Open Bacchushlg opened 3 years ago
For the 16th rests, a few additional samples and a retraining will fix that. I'll take care of this later.
Now, let's focus on this question of chord diagrams. I have just defined a new shape (CHORD_DIAGRAM), together with a new ChordDiagramInter, manually assigned this shape to a few relevant glyphs taken out of Leningrad.pdf example, and trained the classifier from scratch.
[By the way, if we go further on this topic, I will need additional images with chord diagrams in it, in order to increase the variety of diagram samples, and thus reach more stable recognition for this shape]
For the time being, I re-ran the processing of Leningrad case. And here are the raw results on sheet 2 (the first sheet with chord diagrams):
At end of TEXTS step: Notice that OCR has partly recognized horizontal lines and dots out of the diagrams as lines of text. For example , in the left most diagram, under the "D" chord name, it has "detected" this word:
WordInter@26594aed System#1 WordInter{#821(0.755/0.755) stf:1 TEXT "____________..."} g#724 codes[5f,5f,5f,5f,5f,5f,5f,5f,5f,5f,5f,5f,2e,2e,2e] S-52 rel: Containment<-SentenceInter{#820(0.773/0.773) stf:1 S-12 Direction}
The underlying glyph appears in red:
At this point in time, we can let the engine go, it will try to recognize diagrams where the pixels of text underlying glyphs have been removed: The classifier may or may not recognize this glyph as a diagram. In this case it did. But now we have both the "text" and the diagram one upon the other, and they both survive.
We can also decide, at the end of the TEXTS step, to manually clear up these false text lines. Then, we launch the engine on the following steps. This gives:
Compared with the situation before such support of diagrams, is this new situation really interesting for the end-user? Please give me your feed-back.
Obviously, we would get better results on these diagrams if the SYMBOLS step was run before the TEXTS step. But this is not something I'm ready to do, because the pixels of all the lines of real text (such as lyrics) would get in the way of symbol recognition.
Perhaps a more interesting approach, to avoid being "polluted" by things like these chord diagrams, might be to provide the user with some means to manually "erase" some rectangular areas. This could take place right before the TEXTS step, and prevent OCR and OMR engines to process these areas.

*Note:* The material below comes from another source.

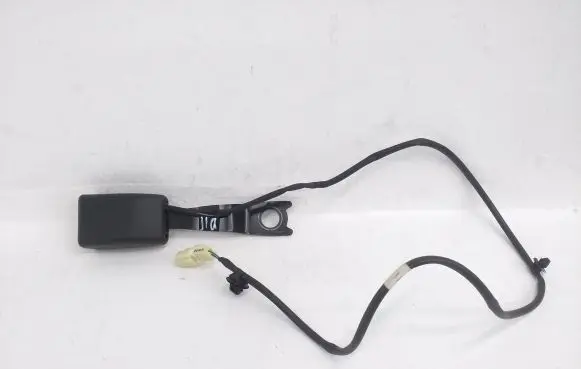 Mitsubishi Outlander Front seatbelt buckle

Simple and low level, but perhaps efficient enough? What do you think?
Adding on my previous message, let's consider the possibility for the user to define "regions" (I prefer this name to "areas", a name already used in many locations within Audiveris code).

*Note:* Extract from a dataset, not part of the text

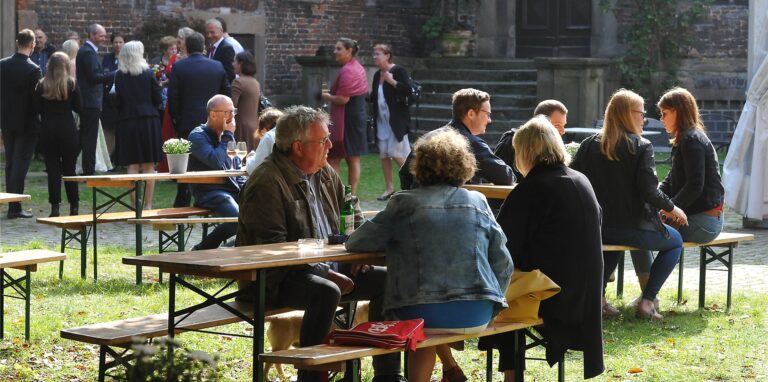 Viel los war beim Weinfest auf Schloss Bladenhorst.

We could have black regions: regions whose content is blacklisted for any OMR processing. We could also have white regions, that are indeed processed even if they intersect black regions. This is to cope with the fact that we would deal only with rectangular regions.
Another advantage of regions is the ability for the user to add some labeling to them, such as:
The more I think of it, the more possibilities appear for the end user.
Dear end user, what do you think of this proposal?
Have a look at #152: Here I had made a couple of suggestions for better text evaluation. And I think that your proposal above is very much in line with it. So, yes: I think that this is a good approach to get the problems solved. And save a lot of work after transcription
16th rests should be better recognized now. Regarding the "regions" idea, I will leave it for 5.3 because it can have important impacts. I will now focus on completing and releasing 5.2
I completely agree: this task mean for sure some bigger rework - and the present version is just too good to be not released!
See former #396
Leningrad.pdf
The appended score has been exported from MuseScore as PDF. So quality should be rather good. Unfortunately the guitar chord symbols strongly disturb the chord detection. It seems that they are some sort of text...
I longer time ago I had proposed to provide some sort of dummy guitar tab symbol the could detect the symbols in order to prevent a wrong detection instead. Nothing would be generated in the export - they would just be placeholders during the transcription process.
Minor addition: none of the 16th rests are detected. Maybe you could just add another training glyph?